Ziel  dieser  Ausstellung  ist  es  einen  unabhängigen Diskurs  zu  den Grundelementen menschlicher Existenz zu führen. Wie sieht das bestmögliche Ergebnis dieses Diskurses für Sie aus?

 Nun Ziel, besser vielleicht eher Intention oder ein Versuch an sich: Wenn sich bei einigen Menschen, bei Einem, eine Tür öffnet und sei sie noch so klein. Ich ringe ja selbst in Allem und nehme mich da gar nicht aus. Aber wenn ich es schaffe, dass ich bei dem Einen oder Anderen eine Frage anrege, die damit wiederum eine Bewegung,  ein Sich-Fortbewegen  – wohin auch immer – zur Folge hat, habe ich doch schon viel gewonnen.
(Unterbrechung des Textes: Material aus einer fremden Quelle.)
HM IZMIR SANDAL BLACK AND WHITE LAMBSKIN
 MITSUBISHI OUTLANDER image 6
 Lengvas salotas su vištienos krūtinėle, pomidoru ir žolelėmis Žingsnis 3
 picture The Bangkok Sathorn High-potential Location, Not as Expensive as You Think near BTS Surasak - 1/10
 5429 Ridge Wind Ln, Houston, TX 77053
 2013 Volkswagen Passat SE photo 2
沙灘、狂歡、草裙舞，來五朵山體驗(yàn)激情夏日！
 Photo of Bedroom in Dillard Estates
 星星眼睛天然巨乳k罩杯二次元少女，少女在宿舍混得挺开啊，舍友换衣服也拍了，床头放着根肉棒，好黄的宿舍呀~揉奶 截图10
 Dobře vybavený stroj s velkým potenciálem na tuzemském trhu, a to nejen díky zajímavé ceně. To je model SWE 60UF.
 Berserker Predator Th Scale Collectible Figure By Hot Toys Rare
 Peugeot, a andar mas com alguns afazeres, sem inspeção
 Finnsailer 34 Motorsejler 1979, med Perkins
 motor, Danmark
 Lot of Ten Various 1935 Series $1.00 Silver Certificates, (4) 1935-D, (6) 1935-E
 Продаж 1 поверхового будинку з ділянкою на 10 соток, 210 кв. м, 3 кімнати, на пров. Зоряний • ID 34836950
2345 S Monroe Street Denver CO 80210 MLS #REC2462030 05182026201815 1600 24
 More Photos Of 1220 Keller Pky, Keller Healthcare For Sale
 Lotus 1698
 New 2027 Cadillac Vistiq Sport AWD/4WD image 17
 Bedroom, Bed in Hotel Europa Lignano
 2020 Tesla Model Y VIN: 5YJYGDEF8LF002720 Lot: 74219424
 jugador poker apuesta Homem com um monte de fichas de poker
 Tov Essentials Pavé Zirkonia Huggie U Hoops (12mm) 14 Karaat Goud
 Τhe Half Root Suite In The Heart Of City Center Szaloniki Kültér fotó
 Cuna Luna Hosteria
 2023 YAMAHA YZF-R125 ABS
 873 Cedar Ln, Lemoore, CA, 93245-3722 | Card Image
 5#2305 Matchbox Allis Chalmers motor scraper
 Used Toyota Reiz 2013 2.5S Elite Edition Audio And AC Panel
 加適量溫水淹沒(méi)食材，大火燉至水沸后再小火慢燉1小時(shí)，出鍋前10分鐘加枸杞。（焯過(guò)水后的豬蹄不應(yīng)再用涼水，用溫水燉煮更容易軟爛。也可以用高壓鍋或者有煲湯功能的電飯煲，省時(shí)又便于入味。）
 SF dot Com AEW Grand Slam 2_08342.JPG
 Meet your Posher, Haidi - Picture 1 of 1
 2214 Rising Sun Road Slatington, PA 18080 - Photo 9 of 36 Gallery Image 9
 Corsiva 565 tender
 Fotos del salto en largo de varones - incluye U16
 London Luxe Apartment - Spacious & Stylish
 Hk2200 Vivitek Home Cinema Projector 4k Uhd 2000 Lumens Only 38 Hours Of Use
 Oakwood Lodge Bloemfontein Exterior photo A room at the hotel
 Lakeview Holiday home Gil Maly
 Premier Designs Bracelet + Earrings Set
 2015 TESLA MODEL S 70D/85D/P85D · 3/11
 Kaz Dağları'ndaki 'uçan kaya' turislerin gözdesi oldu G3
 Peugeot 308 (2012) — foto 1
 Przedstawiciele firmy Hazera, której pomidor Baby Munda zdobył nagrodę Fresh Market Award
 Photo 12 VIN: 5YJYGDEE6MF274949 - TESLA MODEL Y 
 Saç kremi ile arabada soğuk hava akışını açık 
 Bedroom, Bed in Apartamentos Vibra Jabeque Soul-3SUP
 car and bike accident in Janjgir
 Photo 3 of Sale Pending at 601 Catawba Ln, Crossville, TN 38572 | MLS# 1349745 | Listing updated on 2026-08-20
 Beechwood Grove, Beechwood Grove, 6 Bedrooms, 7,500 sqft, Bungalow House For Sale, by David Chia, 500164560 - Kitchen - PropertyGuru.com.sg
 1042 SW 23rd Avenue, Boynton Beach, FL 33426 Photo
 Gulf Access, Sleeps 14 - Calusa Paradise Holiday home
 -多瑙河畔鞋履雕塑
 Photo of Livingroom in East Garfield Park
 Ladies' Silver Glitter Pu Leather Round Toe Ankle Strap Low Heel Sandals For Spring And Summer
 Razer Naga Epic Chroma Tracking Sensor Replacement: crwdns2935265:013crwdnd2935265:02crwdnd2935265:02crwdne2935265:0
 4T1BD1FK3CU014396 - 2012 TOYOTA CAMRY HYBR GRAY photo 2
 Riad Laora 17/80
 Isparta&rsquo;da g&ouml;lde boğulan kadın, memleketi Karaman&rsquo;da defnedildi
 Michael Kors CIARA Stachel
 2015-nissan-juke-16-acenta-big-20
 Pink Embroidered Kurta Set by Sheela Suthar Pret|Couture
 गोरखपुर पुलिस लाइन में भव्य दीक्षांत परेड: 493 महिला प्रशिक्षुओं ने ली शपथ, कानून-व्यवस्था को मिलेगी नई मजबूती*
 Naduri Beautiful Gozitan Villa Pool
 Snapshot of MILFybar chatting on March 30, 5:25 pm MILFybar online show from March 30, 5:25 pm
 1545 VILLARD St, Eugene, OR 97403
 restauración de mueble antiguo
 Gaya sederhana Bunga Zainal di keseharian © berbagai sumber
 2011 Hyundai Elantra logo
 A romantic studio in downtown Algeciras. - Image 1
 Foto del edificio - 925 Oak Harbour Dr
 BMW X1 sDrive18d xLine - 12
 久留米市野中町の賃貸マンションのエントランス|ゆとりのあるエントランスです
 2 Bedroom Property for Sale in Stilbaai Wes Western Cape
Ich bin kein Wirschafter, es geht mir nicht um messbare Erfolge, sondern wenn überhaupt, verstehe ich mich vielleicht als „Bewegungshelfer“.

DANKE!

Interview: Barbara Green

THE  BLACK  AND  WHITE  KEY ist  eine  von  VISIONS  OF  THE  PRESENT  konzipierte Ausstellungsreihe zeitgenössischer Kunst.

Die Gruppenausstellung THE BLACK AND WHITE KEY zeigt 13 Künstlerinnen und Künstler:
Wolfgang  Betke,  Ulrike  Buhl, Ulrike  Buhl,  Sabine  Groß,  Marc  Jung,  Markus  Keibel, Isabel, Kerkermeier,  Sebastian  Neeb,  Jennifer  Oellerich,  Pietro  Sanguineti,  Wiebke  Maria, Wachmann, Michaela Zimmer.

THE BLACK AND WHITE KEY eröffnet am Freitag, den 20.3.2015 um 19 – 1 Uhr.
Ausstellung vom 20.3.- 05.04.2015 im Schau Fenster –  Raum für Kunst, Lobeckstr. 30-35, 10969 Berlin – Kreuzberg.